→ WHAT TO DO: The material below is to be copied exactly from the line with "vegetativ nerv sistemasi" up to and including the line with "基坑的分级与11种深基坑支护方式_第1页", with nothing else kept and no pictures.

→ EXERCISE INPUT:
· · ·
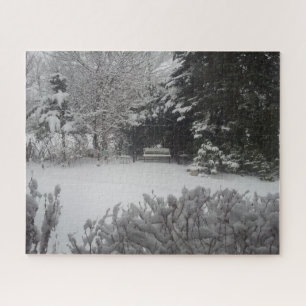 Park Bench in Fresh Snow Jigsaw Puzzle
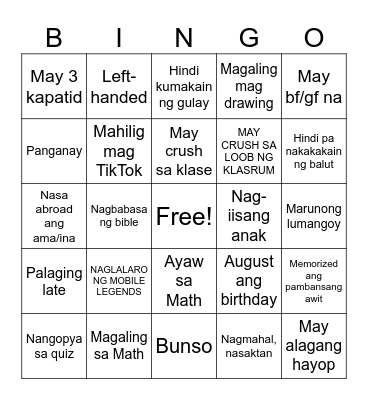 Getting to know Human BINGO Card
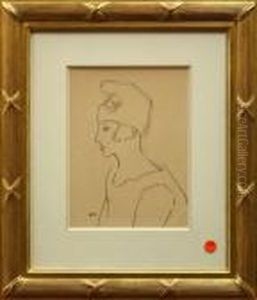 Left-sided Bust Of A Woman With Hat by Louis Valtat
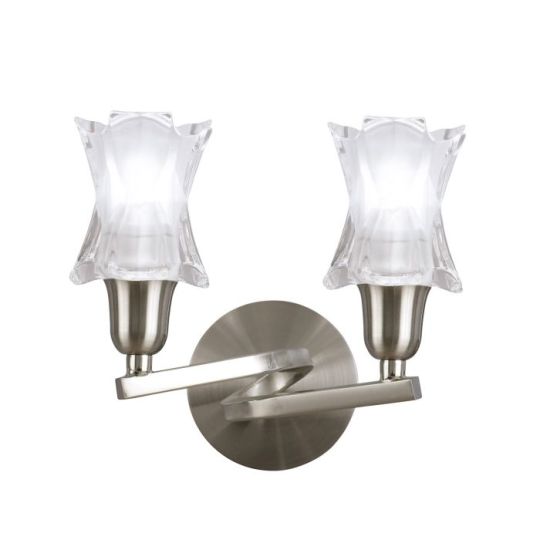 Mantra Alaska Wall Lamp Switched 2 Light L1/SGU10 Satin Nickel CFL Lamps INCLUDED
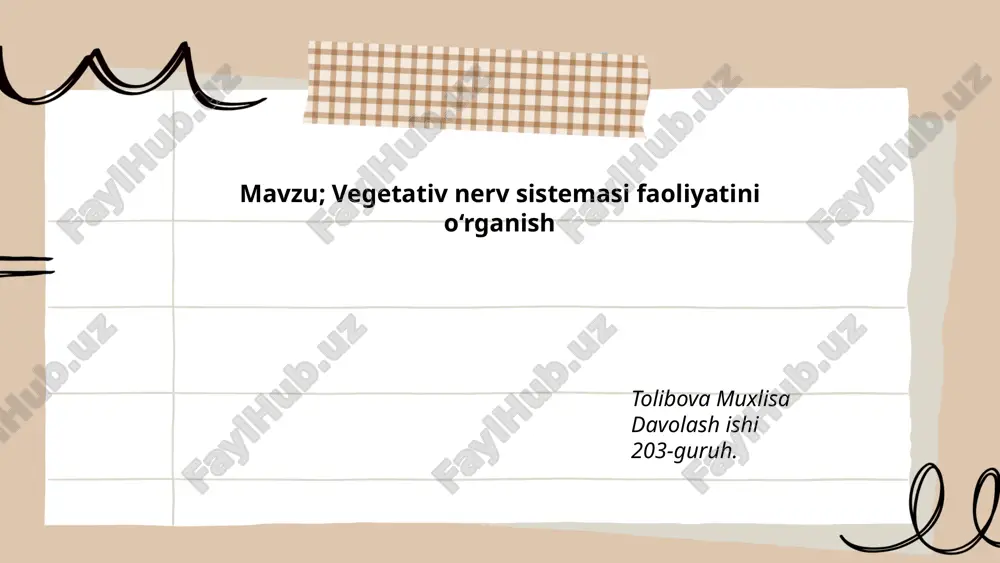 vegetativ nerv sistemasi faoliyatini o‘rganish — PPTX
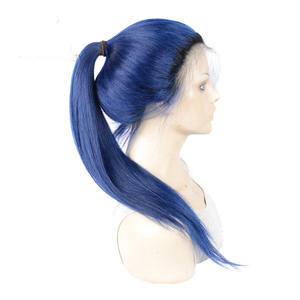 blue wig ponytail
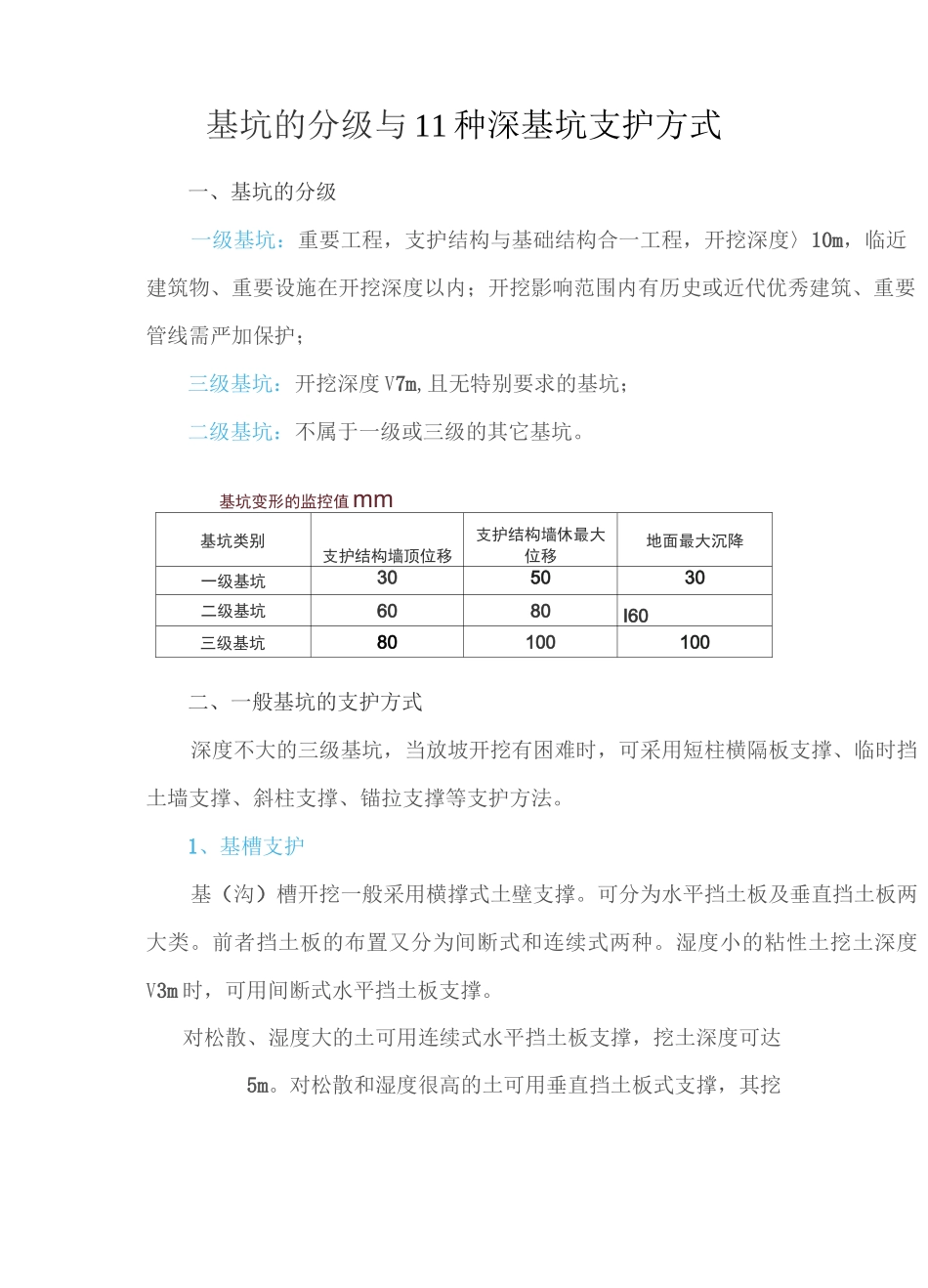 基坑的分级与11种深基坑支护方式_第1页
· · ·
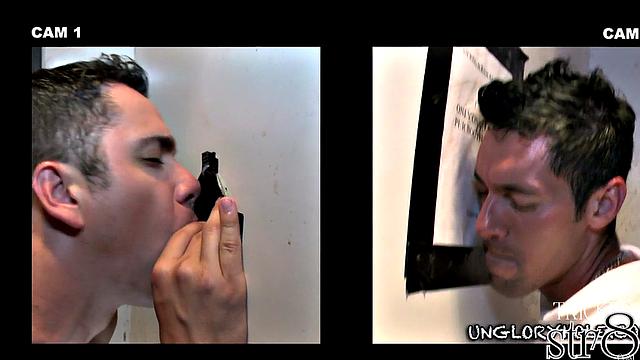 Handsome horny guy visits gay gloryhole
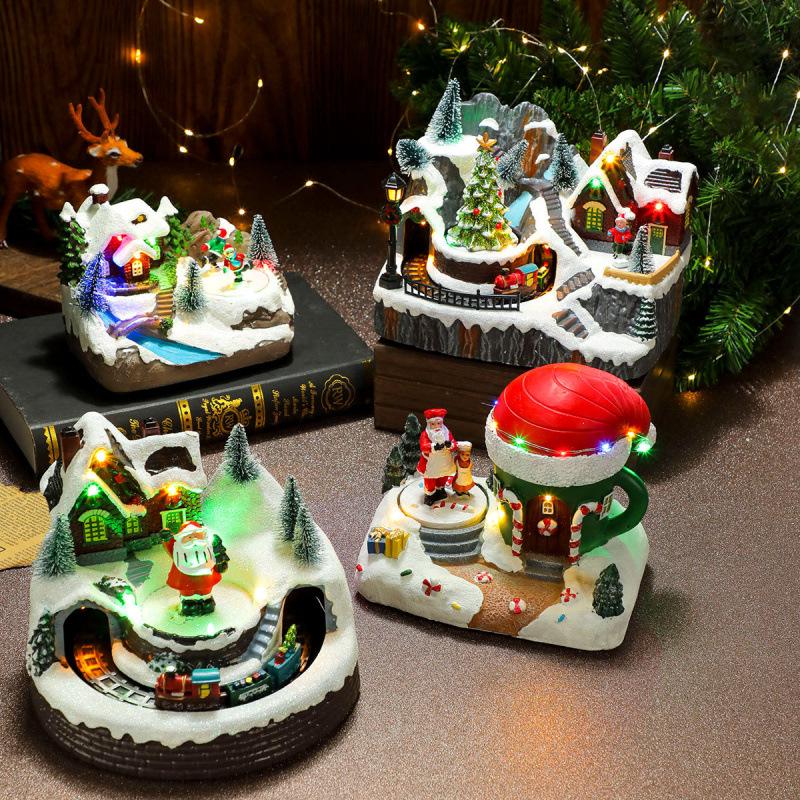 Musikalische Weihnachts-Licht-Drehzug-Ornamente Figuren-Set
· · ·
→ OUTPUT:
 vegetativ nerv sistemasi faoliyatini o‘rganish — PPTX
 blue wig ponytail
 基坑的分级与11种深基坑支护方式_第1页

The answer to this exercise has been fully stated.